Acts has Jesus telling us the following prior to his ascension: “But you shall receive power when the Holy Spirit has come upon you; and you shall be my witnesses in Jerusalem and in all Judea and Samaria and to the end of the earth” (Acts 1:8). In this we find the basic literary skeleton of the book. The message first disturbed the peace of Jerusalem, then all of Judea and Samaria, and then on to the rest of the known world. It seemed big news that both Palestinian Jews and Hellenistic Jews in the Diaspora were included, and then that the Samaritans could be part of the movement, but when Gentiles started coming in a great deal of rethinking had to take place. 

We find in the sermon of Peter on the day of Pentecost one of many references found throughout the book to fulfilled scripture. “For these men are not drunk, as you suppose, since it is only the third hour of the day; but this is what was spoken by the prophet Joel” (Acts 2:15-16). Fulfillment of scripture is a very big deal in Luke-Acts, and it seems clear that the writer saw this as a primary means for reinterpreting established Jewish beliefs to make sense of so much change in ways that people could find satisfying. In Luke the fulfilment had to do with Jesus, while in Acts it can be Jesus but also the Christian community itself fulfilling the words of the prophets.

Luke has a different perspective. We have already seen that some of Luke’s predecessors and contemporaries (e.g., Mark and Matthew) claimed that Jesus was the fulfillment of the Jewish Scriptures. In the book of Acts, Luke takes this view a step further. The entire Christian movement after Jesus is a fulfillment of scripture as well (Ehrman 325).

Luke-Acts is an account of the life of Jesus and the beginnings of the early church told as the fulfillment of prophecy (Talbert 1982, 234-40). What is being actualized in the various prophecies' fulfillment is the plan of God that stands behind the events narrated (Talbert xv).

Repeatedly in Acts we find God (or ‘the Spirit’) taking the lead in expanding the reach of the gospel. In 2:39 Peter says that this promise is to those listening at the time, to their children, “and to all that are far off, every one whom the Lord our God calls to him.” In 2:47 it was ‘the Lord’ who added people to the church each day. The Samaritans receive the message and in 8:14-15 the apostles go to them simple to confirm it with the laying on of hands to “receive the Holy Spirit.” The apostle Peter explained to the church in Jerusalem, as related in 11:15-19, the conversion of Cornelius’ household by saying it was done on God’s own initiative, and “who was I that I could withstand God?”

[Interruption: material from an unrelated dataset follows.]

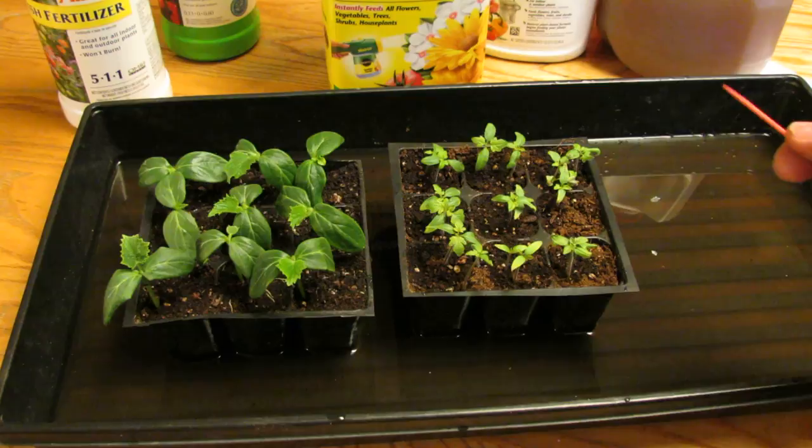Welcome to my first vegetable garden. Today I want to show you the difference between true leaves and first leaves.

Acts 15, which recounts the events of a council in Jerusalem intended to determine the religious requirements for Gentile converts, gives us an end-to-end view of the theological methodology of the early church in adapting to new circumstances. 

In verses 1-5 the traditionalists make their case for circumcision and keeping the law of Moses. 

But some men came down from Judea and were teaching the brethren, “Unless you are circumcised according to the custom of Moses, you cannot be saved.” And when Paul and Barnabas had no small dissension and debate with them, Paul and Barnabas and some of the others were appointed to go up to Jerusalem to the apostles and the elders about this question. So, being sent on their way by the church, they passed through both Phoenicia and Samaria, reporting the conversion of the Gentiles, and they gave great joy to all the brethren. When they came to Jerusalem, they were welcomed by the church and the apostles and the elders, and they declared all that God had done with them. But some believers who belonged to the party of the Pharisees rose up, and said, “It is necessary to circumcise them, and to charge them to keep the law of Moses.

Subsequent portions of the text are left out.